Requirement:
A word-for-word copy of the entries, with the images left out, is what you should write.

Working data:
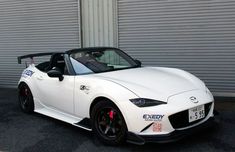 a white sports car parked in front of a garage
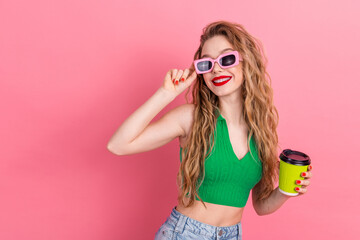 Fashionable young woman wearing stylish summer outfit holding a cup with pink sunglass posing against pink backdrop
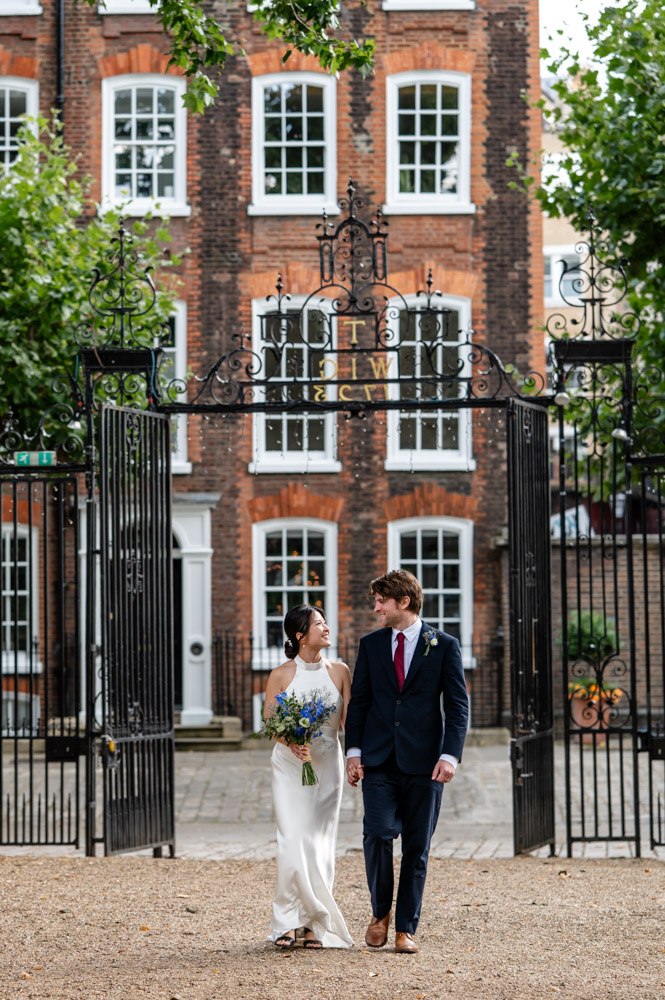 a newly married couple walks arm in arm after their wedding captured by a Watford wedding photographer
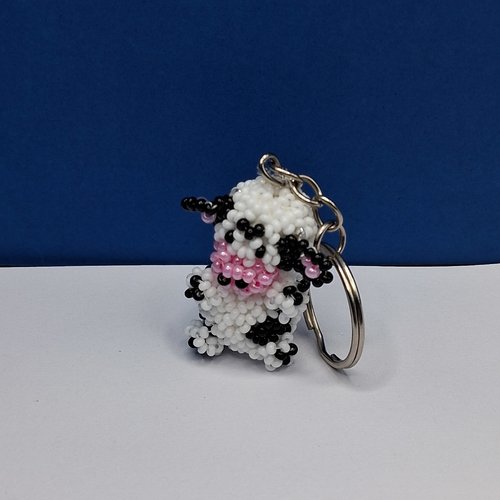 Porte-clés vache blanche et noir en perles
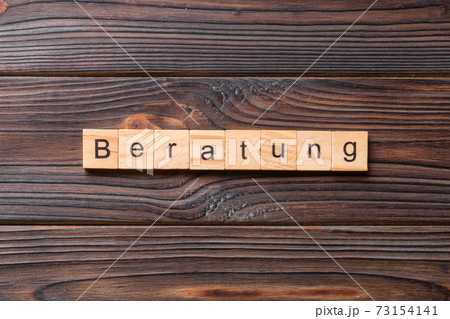 Beratung word written on wood block. Beratung text on cement table for your desing, concept Beratung word written on wood block. Beratung text on cement table for your desing, concept 73154141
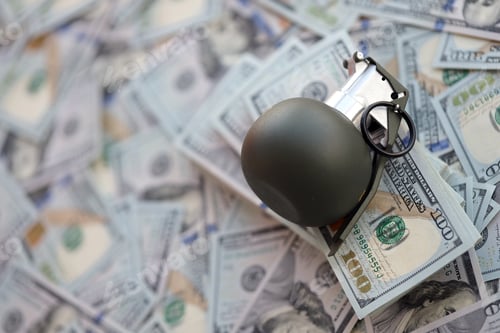 Preview: Grenade with a check against the background of huge amount of american dollar bills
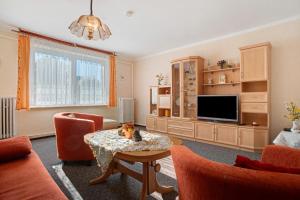 a living room with a table and a tv at Haus Frieda in Ostseebad Koserow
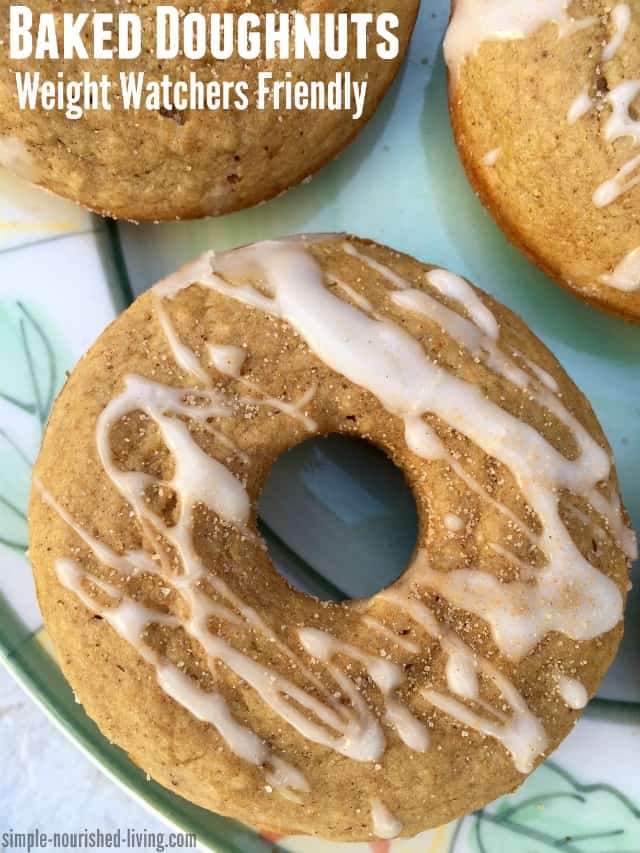 Baked apple cinnamon doughnuts drizzled with icing on a plate.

Solution:
 a white sports car parked in front of a garage
 Fashionable young woman wearing stylish summer outfit holding a cup with pink sunglass posing against pink backdrop
 a newly married couple walks arm in arm after their wedding captured by a Watford wedding photographer
 Porte-clés vache blanche et noir en perles
 Beratung word written on wood block. Beratung text on cement table for your desing, concept Beratung word written on wood block. Beratung text on cement table for your desing, concept 73154141
 Preview: Grenade with a check against the background of huge amount of american dollar bills
 a living room with a table and a tv at Haus Frieda in Ostseebad Koserow
 Baked apple cinnamon doughnuts drizzled with icing on a plate.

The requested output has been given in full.